What the exercise asks = Within the entries below, output exactly the lines between the line containing "Detergente Liquido Kirkland" and the line containing "Combi Boiler Too", inclusive, and omit any picture.

The input =
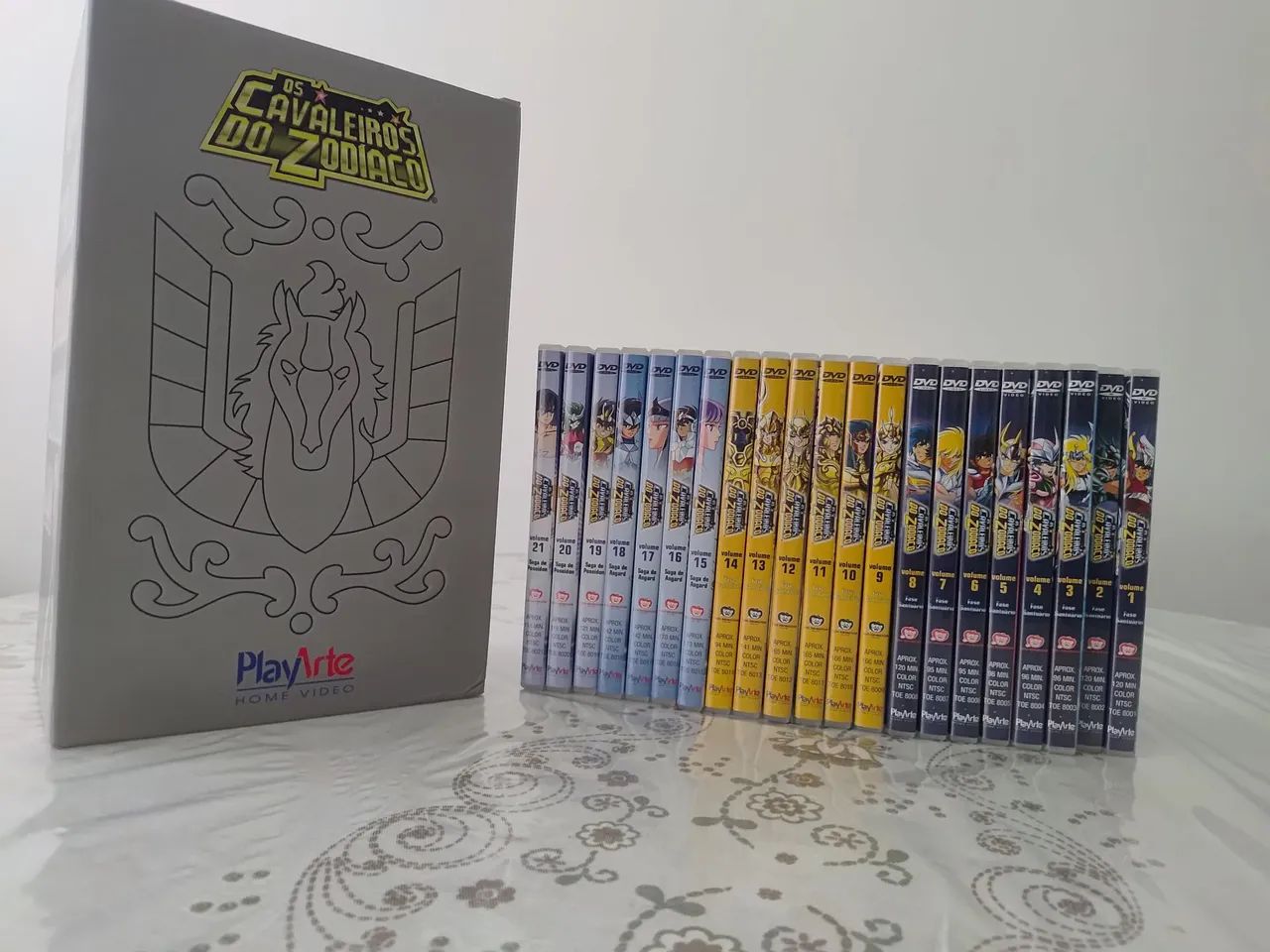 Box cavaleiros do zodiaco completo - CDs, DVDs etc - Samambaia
--
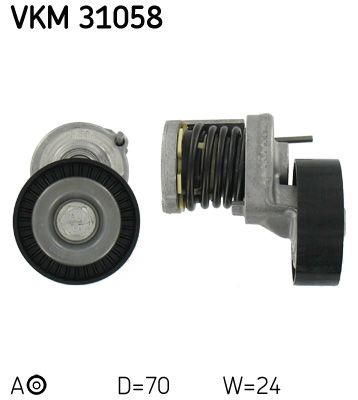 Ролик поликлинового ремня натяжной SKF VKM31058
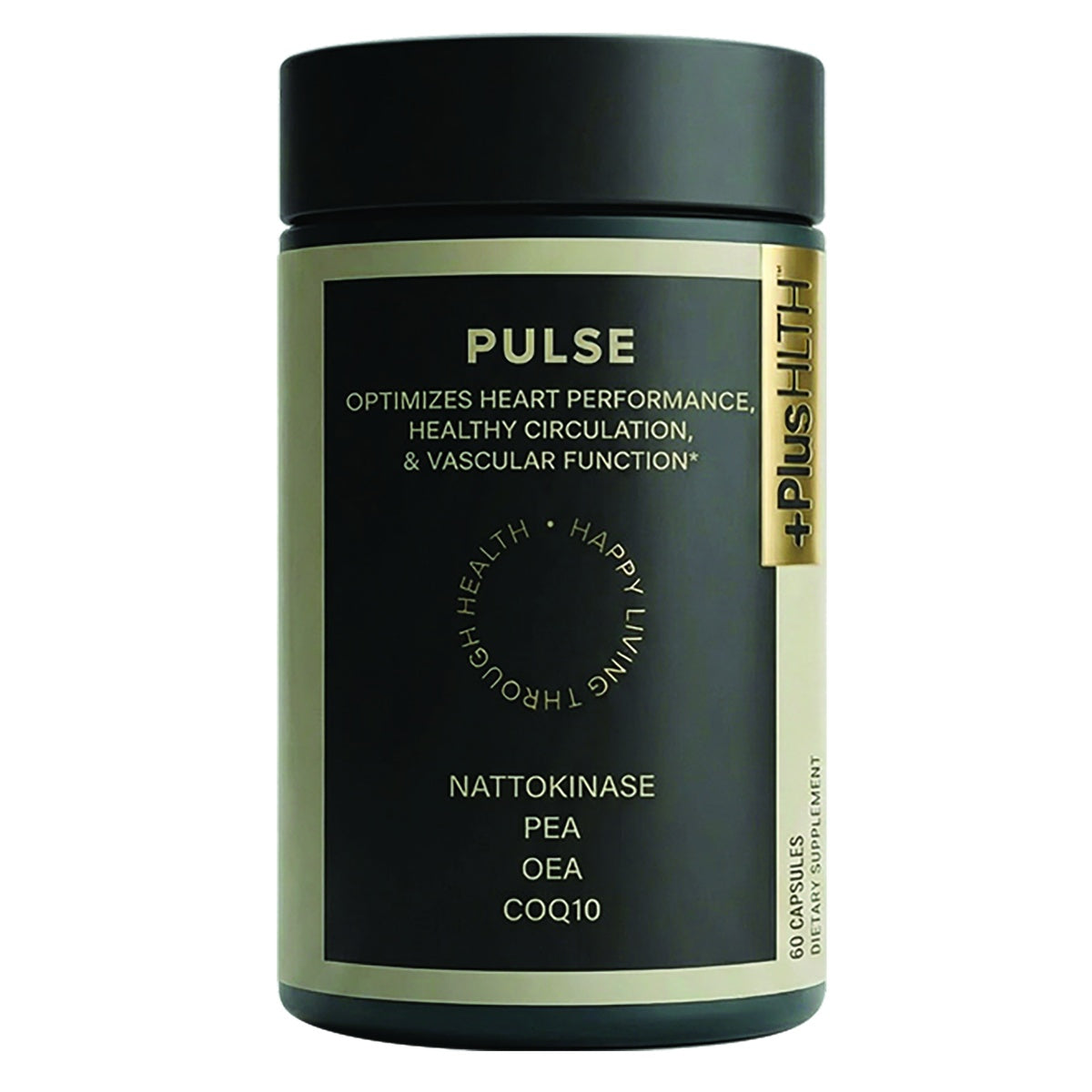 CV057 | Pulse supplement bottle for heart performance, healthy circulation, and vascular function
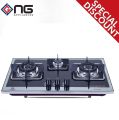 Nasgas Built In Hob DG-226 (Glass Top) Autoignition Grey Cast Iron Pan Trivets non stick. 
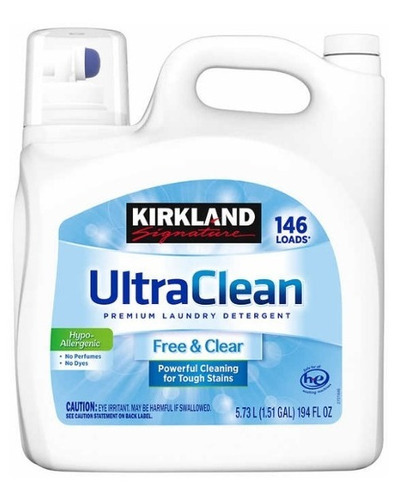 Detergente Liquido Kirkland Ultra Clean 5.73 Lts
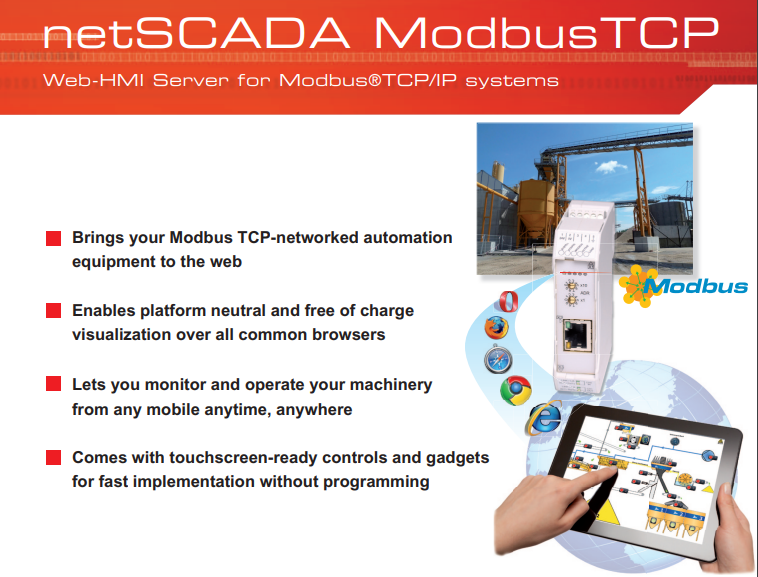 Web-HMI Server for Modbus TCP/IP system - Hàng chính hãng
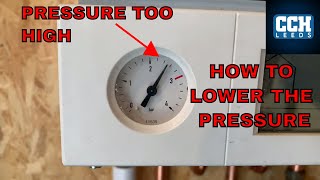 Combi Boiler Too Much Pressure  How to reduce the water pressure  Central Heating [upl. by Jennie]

Result of the exercise =
 Detergente Liquido Kirkland Ultra Clean 5.73 Lts
 Web-HMI Server for Modbus TCP/IP system - Hàng chính hãng
 Combi Boiler Too Much Pressure  How to reduce the water pressure  Central Heating [upl. by Jennie]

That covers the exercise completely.